As we begin to examine the biblical concept of the kingdom of God, we shall see time and again that it heralds a world marked by two primary attributes: (1) equity and justice for all human beings, especially the poor, the marginalized, and the dispossessed, and (2) a world governed by peace and goodwill for all human beings. (p. 32)

The biblical vision of the kingdom of God is a subversive and countercultural vision, standing in radical opposition to empires, kingdoms, and nations that build their wealth and power on the backs of the poor and maintain their standing in the world through violence, war, injustice, and oppression. (p. 32f)

The Hebrew prophets consistently portrayed the kingdom of God as a radical alternative to politics as usual— to peace and prosperity maintained through war, violence, and oppression. For the most part, they portrayed the kingdom of God as an alternative to conventional politics within their own nation. (p. 48)

At the beginning of Israel’s kingdom, Samuel warned the people that “having a king like all the other nations” would introduce values and practices contrary to the rule of God over them as a people.

So Samuel told all the words of the Lord to the people who were asking for a king from him. He said, “These will be the ways of the king who will reign over you: he will take your sons and appoint them to his chariots and to be his horsemen and to run before his chariots. And he will appoint for himself commanders of thousands and commanders of fifties, and some to plow his ground and to reap his harvest, and to make his implements of war and the equipment of his chariots. He will take your daughters to be perfumers and cooks and bakers. He will take the best of your fields and vineyards and olive orchards and give them to his servants. He will take the tenth of your grain and of your vineyards and give it to his officers and to his servants. He will take your male servants and female servants and the best of your young men and your donkeys, and put them to his work. He will take the tenth of your flocks, and you shall be his slaves. And in that day you will cry out because of your king, whom you have chosen for yourselves, but the Lord will not answer you in that day.” (1Sam. 8:10-18, ESV)

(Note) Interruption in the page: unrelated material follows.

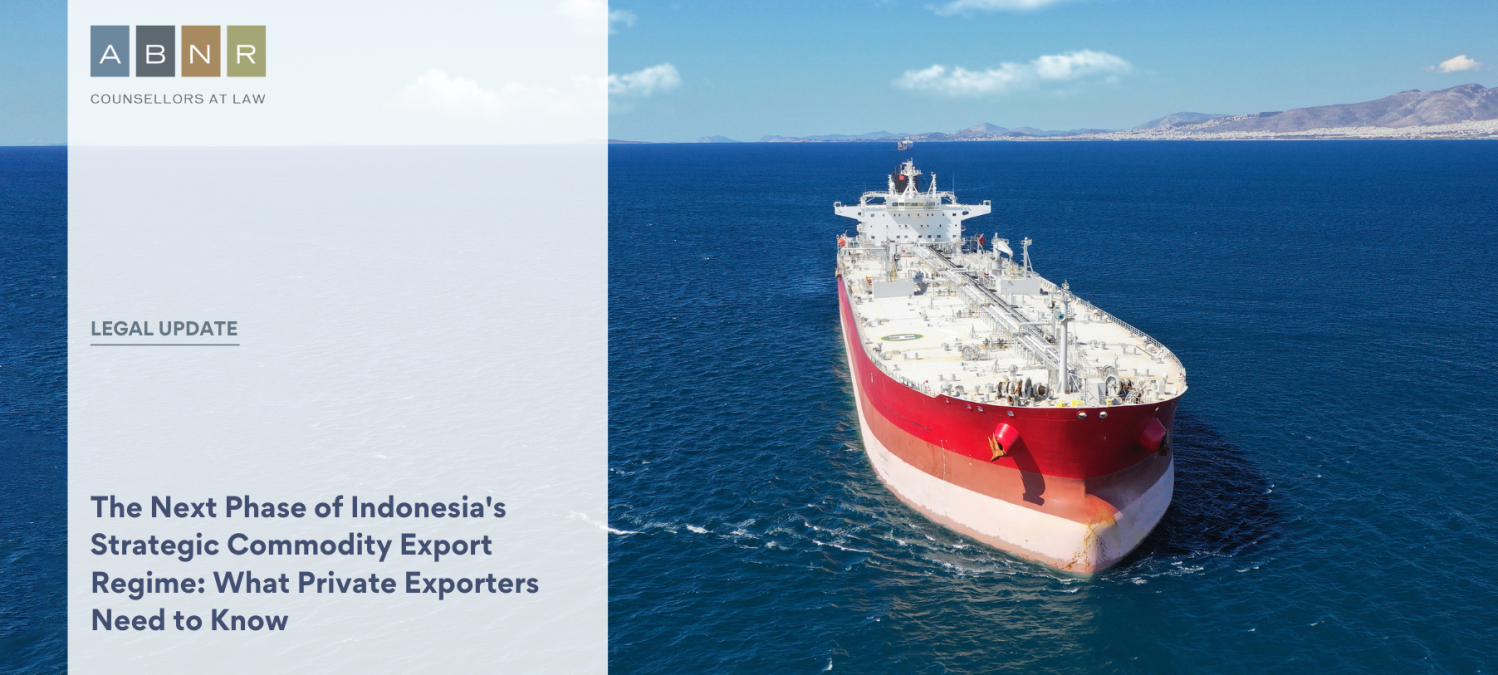 The Next Phase of Indonesia's Strategic Commodity Export Regime: What Private Exporters Need to Know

As Walter Brueggemann wrote about what developed under David and Solomon, “While the shift had no doubt begun and been encouraged by David, . . . the entire program of Solomon now appears to have been a self-serving achievement with its sole purpose the self-securing of king and dynasty.” Even the most benevolent of human governments must ultimately rule out of self-interest and by means of power and coercion.

In a section entitled, “The Kingdom of God in Scripture and Its Meaning for the United States,” Richard Hughes ends his biblical survey by taking us to the book of Revelation and suggesting that “its central theme simply extends and elaborates a motif that dominates the entire [Bible]— the struggle between empire and the kingdom of God, waged on behalf of the poor and oppressed of every nation and every age.”

He focuses on William Stringfellow’s interpretation of Revelation. Stringfellow was a most interesting fellow. He came through the liberal, social gospel tradition and was an activist with regard to civil rights and the Viet Nam War. But he was devoted to scripture as his source of truth and, to some, almost a fundamentalist when it came to his insistence that Christians must find their teachings and values in a plain sense reading and thoughtful application of the Bible. And he believed that Revelation was a thoroughly political book, written to describe the struggle between God’s Kingdom and the kingdoms of this world.

When looking through that lens, he understood “Babylon” as “a symbol for any and every nation that seeks to usurp the role and power of God and, in that way, seeks to determine who shall live and who shall die, and for what reasons.” (p. 99f) National loyalty becomes a citizen’s ultimate loyalty, and giving one’s life for the sake of the nation the ultimate sacrifice.

He also argued that “Babylon symbolizes nations that imagine that they alone control the course of human history.” (p. 100) Nations maintain a sense of moral arrogance by which they judge what is right and just in the world, and seek to control events so as to further those values. On earth, the nation holds the keys to life and death and uses them to advance its causes.

Stringfellow suggested, thirdly, that the practice of deceit is central to the metaphor of Babylon. Truth becomes “usurped and displaced by a self-serving version of events or facts, with whatever selectivity, distortion, falsehood, manipulation, exaggeration, evasion, [or] concoction necessary to maintain the image or enhance the survival or multiply the coercive capacities of the principality.” (p. 100f)

So here are my questions

Was William Stringfellow right?

Are even the best and most benevolent of nations subject to assuming the character of Babylon?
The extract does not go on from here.